── Records shown

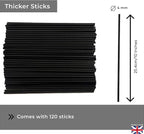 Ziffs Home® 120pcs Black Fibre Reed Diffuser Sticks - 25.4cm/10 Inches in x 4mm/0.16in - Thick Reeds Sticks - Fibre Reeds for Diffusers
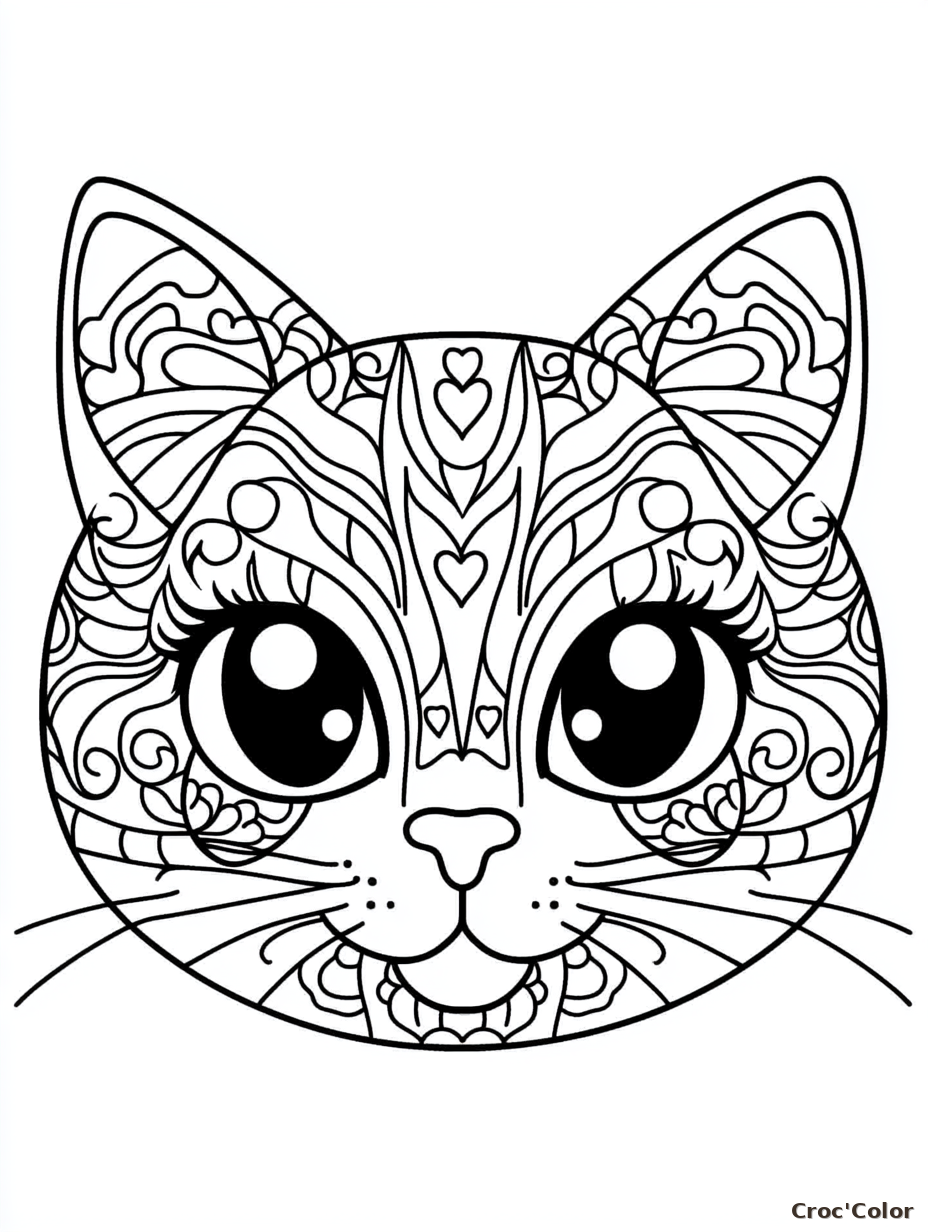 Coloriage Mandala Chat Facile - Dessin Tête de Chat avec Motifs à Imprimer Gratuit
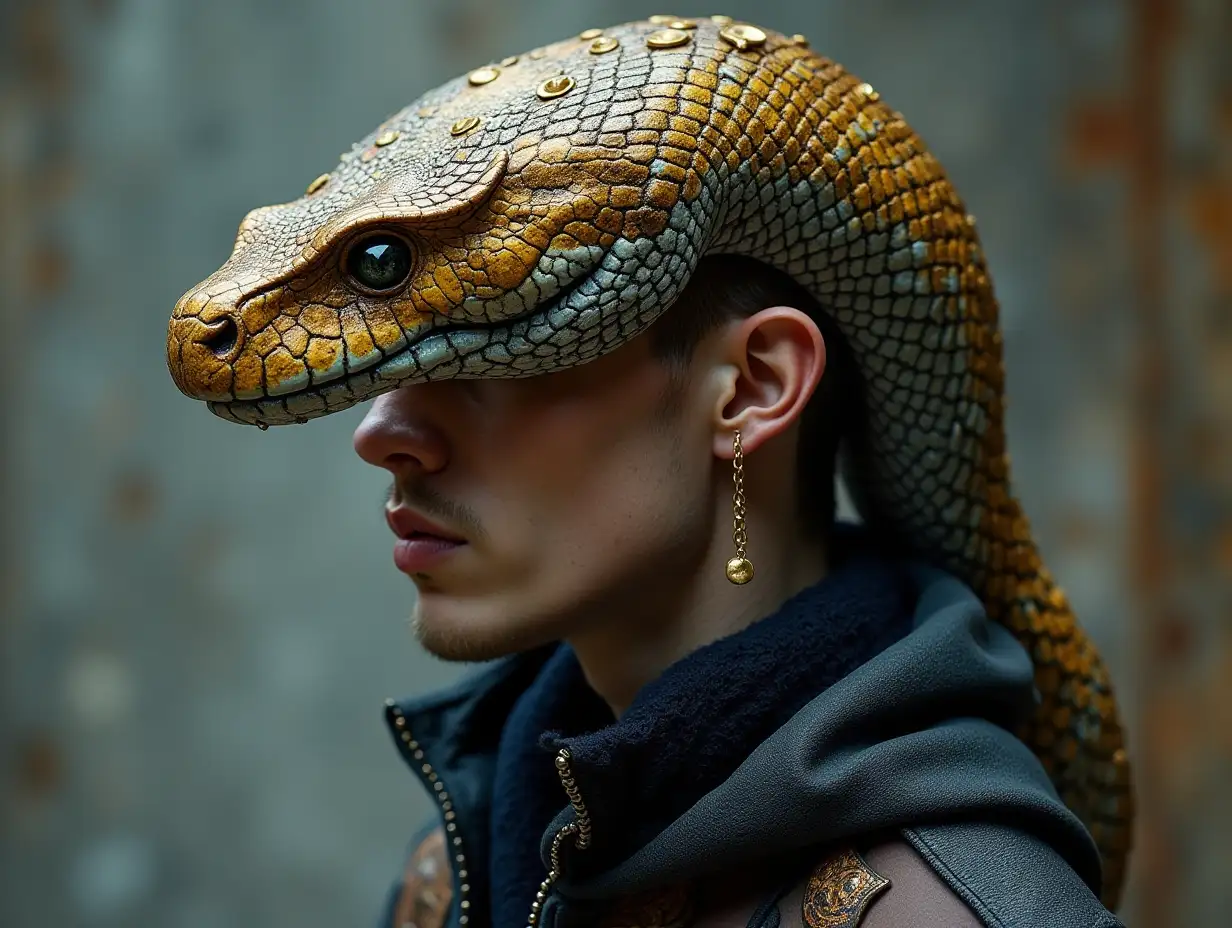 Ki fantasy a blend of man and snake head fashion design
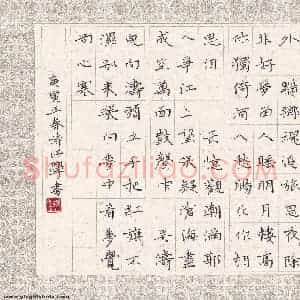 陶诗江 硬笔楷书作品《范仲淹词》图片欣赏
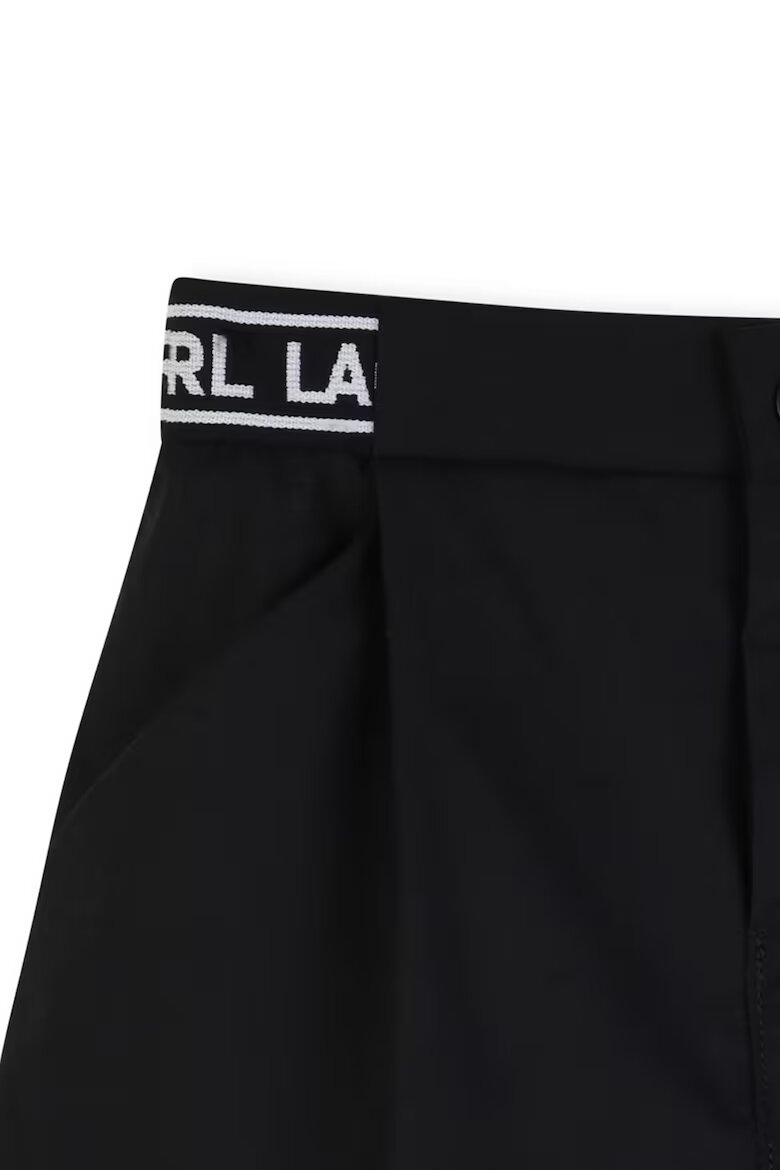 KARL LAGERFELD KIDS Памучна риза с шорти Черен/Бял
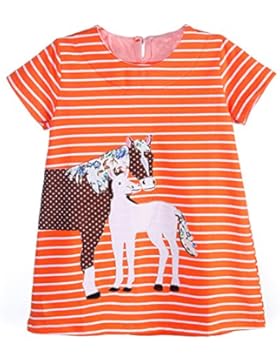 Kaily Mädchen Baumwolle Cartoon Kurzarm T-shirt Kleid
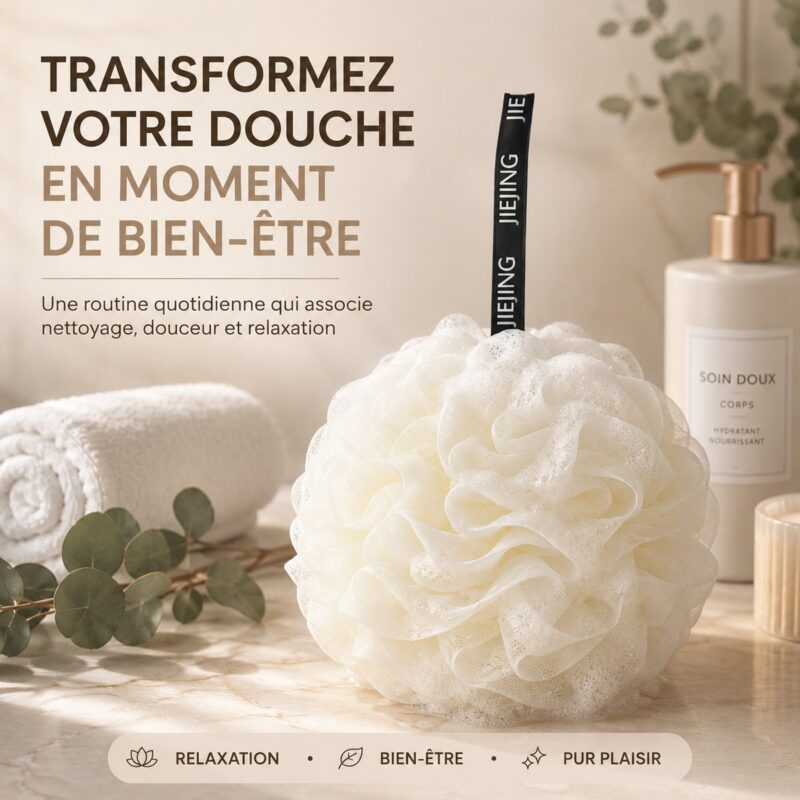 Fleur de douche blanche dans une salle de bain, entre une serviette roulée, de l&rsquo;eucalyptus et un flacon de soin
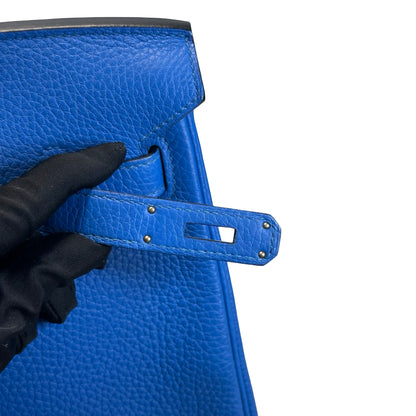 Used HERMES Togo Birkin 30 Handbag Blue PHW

────

Assignment: Set down the data above verbatim, omitting every image.

Worked solution:
 Ziffs Home® 120pcs Black Fibre Reed Diffuser Sticks - 25.4cm/10 Inches in x 4mm/0.16in - Thick Reeds Sticks - Fibre Reeds for Diffusers
 Coloriage Mandala Chat Facile - Dessin Tête de Chat avec Motifs à Imprimer Gratuit
 Ki fantasy a blend of man and snake head fashion design
 陶诗江 硬笔楷书作品《范仲淹词》图片欣赏
 KARL LAGERFELD KIDS Памучна риза с шорти Черен/Бял
 Kaily Mädchen Baumwolle Cartoon Kurzarm T-shirt Kleid
 Fleur de douche blanche dans une salle de bain, entre une serviette roulée, de l&rsquo;eucalyptus et un flacon de soin
 Used HERMES Togo Birkin 30 Handbag Blue PHW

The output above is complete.